Data shown:
= = = = = = =

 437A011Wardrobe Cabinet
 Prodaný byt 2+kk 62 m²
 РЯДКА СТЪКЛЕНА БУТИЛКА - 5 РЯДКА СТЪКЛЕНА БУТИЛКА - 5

= = = = = = =

Your goal:
Could you write out the material above exactly as it appears?

Your solution:
 437A011Wardrobe Cabinet
 Prodaný byt 2+kk 62 m²
 РЯДКА СТЪКЛЕНА БУТИЛКА - 5 РЯДКА СТЪКЛЕНА БУТИЛКА - 5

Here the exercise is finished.